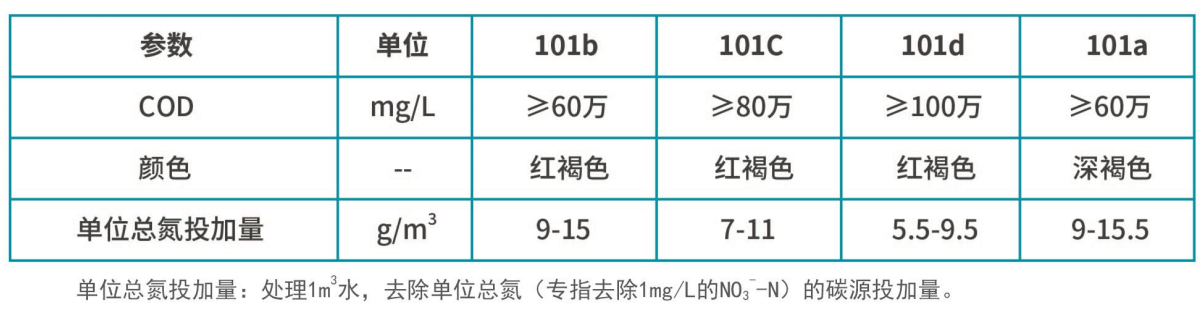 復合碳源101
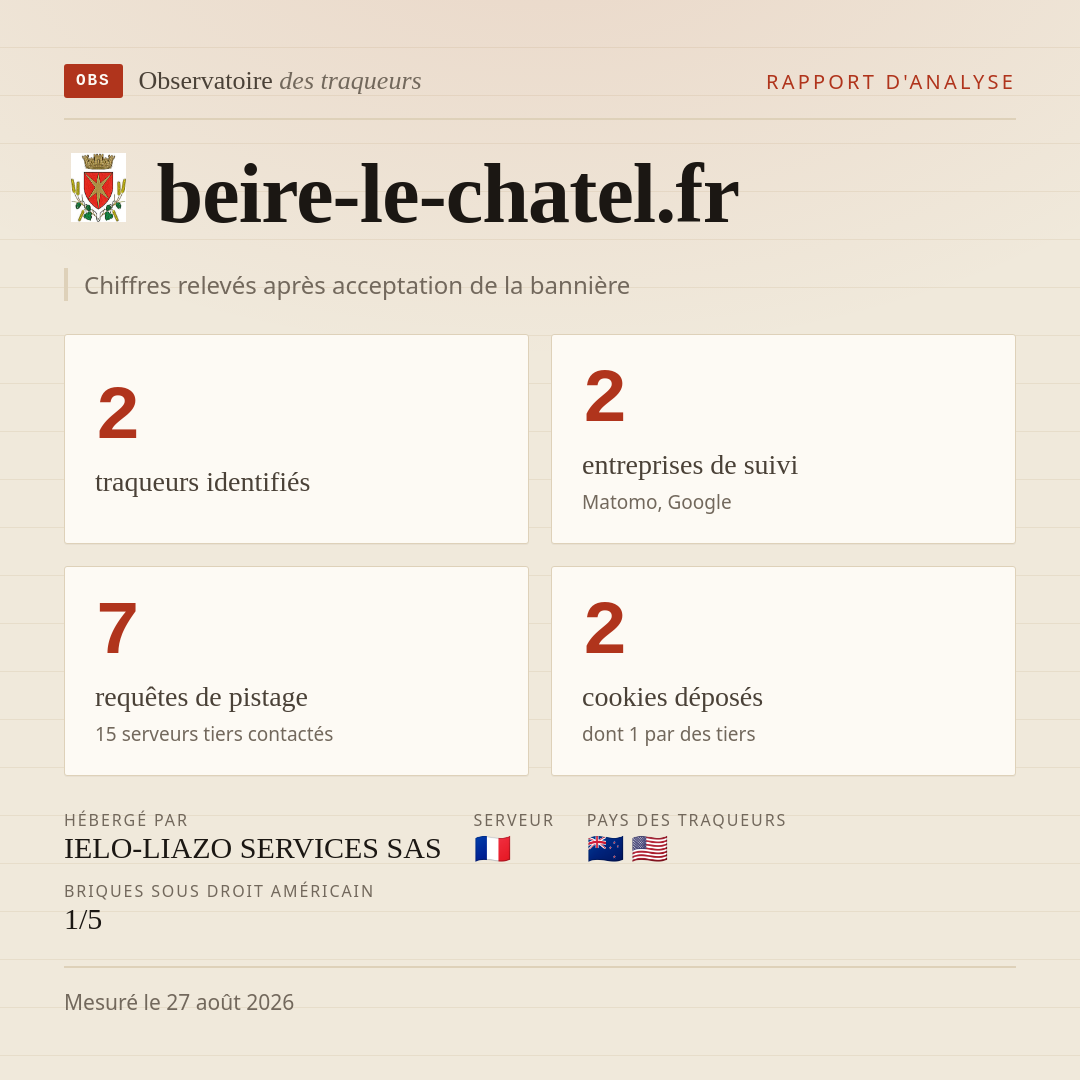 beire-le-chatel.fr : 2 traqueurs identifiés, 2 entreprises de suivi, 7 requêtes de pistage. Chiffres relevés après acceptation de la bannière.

...

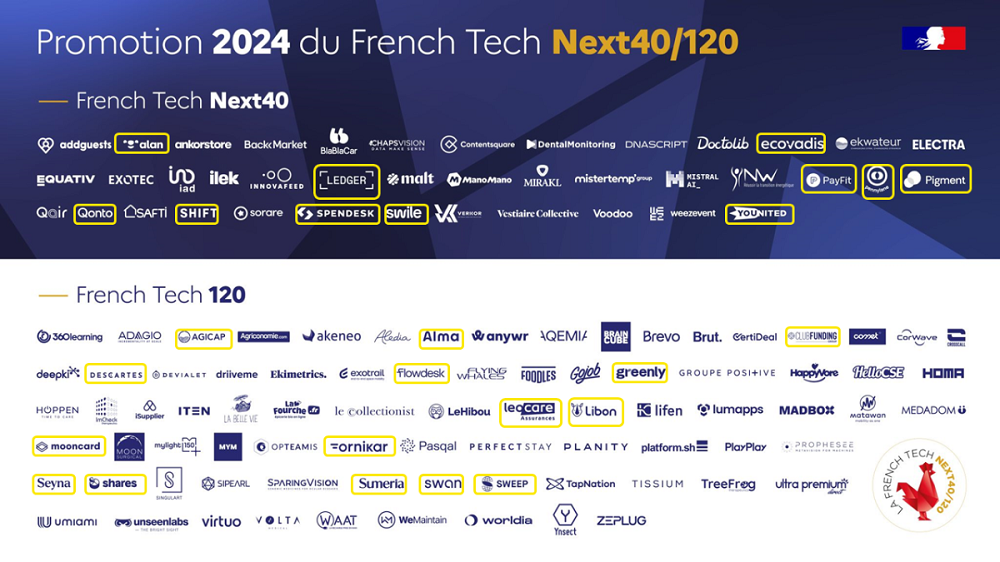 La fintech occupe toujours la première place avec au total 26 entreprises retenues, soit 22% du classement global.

...

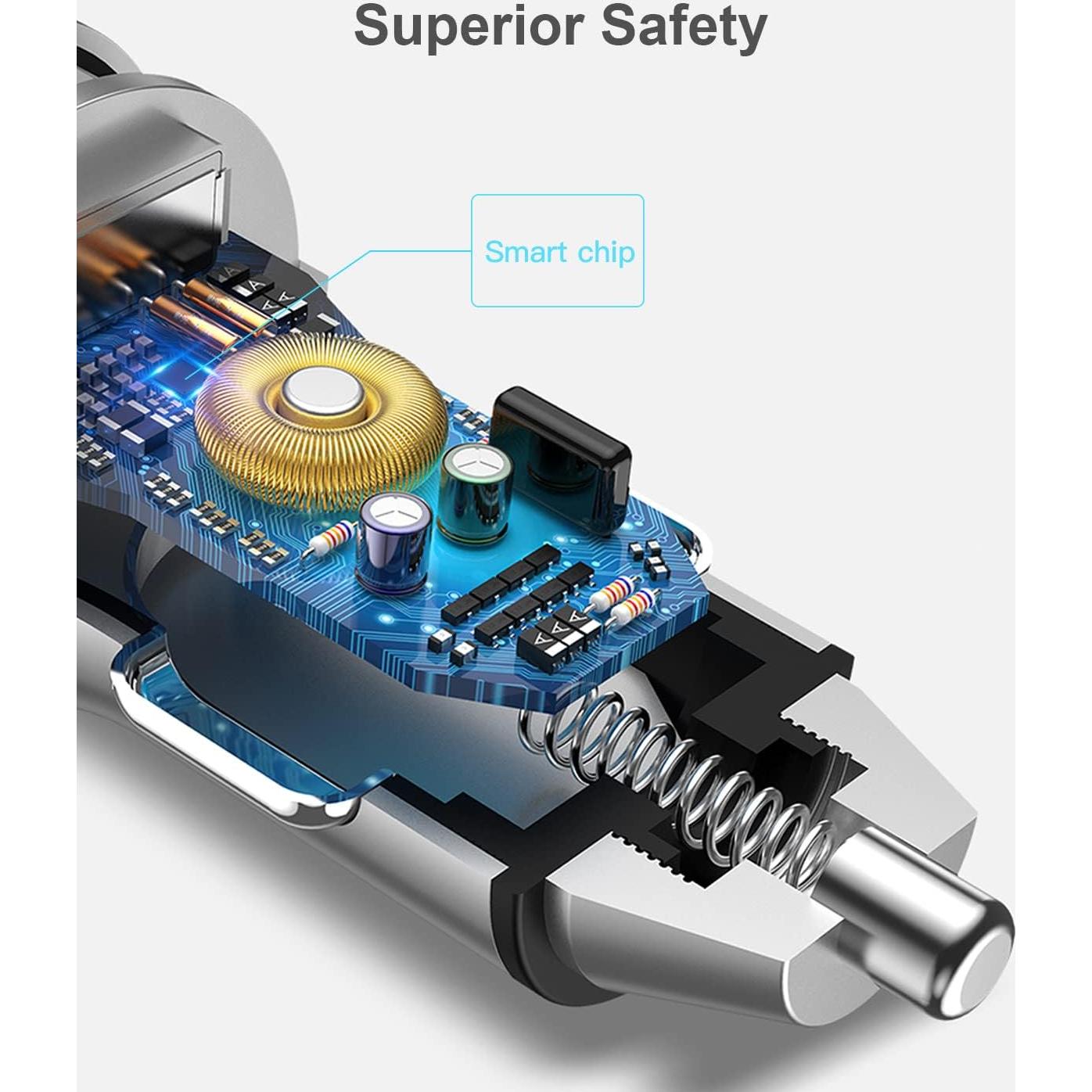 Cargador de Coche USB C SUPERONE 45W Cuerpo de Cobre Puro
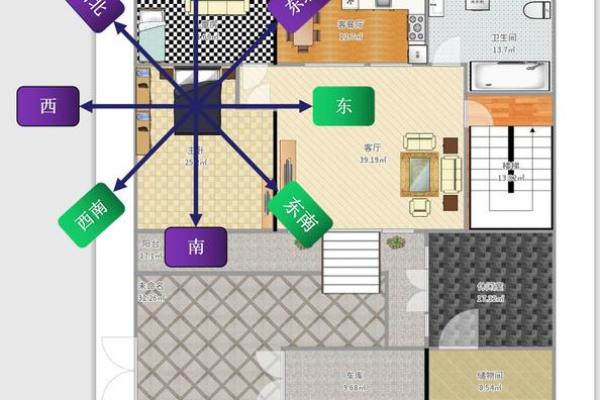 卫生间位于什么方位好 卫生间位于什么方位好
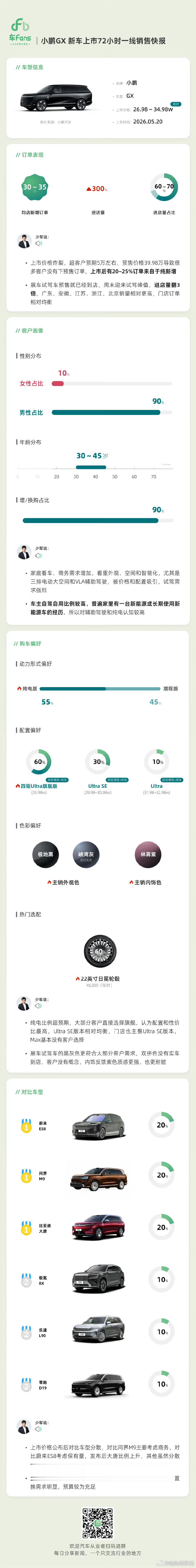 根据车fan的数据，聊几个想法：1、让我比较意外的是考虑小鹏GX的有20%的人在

Exercise description
Write out again exactly the lines above from the one with "Cargador de Coche" through the one with "根据车fan的数据，聊几个想", adding no other lines and no pictures.

Your response
 Cargador de Coche USB C SUPERONE 45W Cuerpo de Cobre Puro
 卫生间位于什么方位好 卫生间位于什么方位好
 根据车fan的数据，聊几个想法：1、让我比较意外的是考虑小鹏GX的有20%的人在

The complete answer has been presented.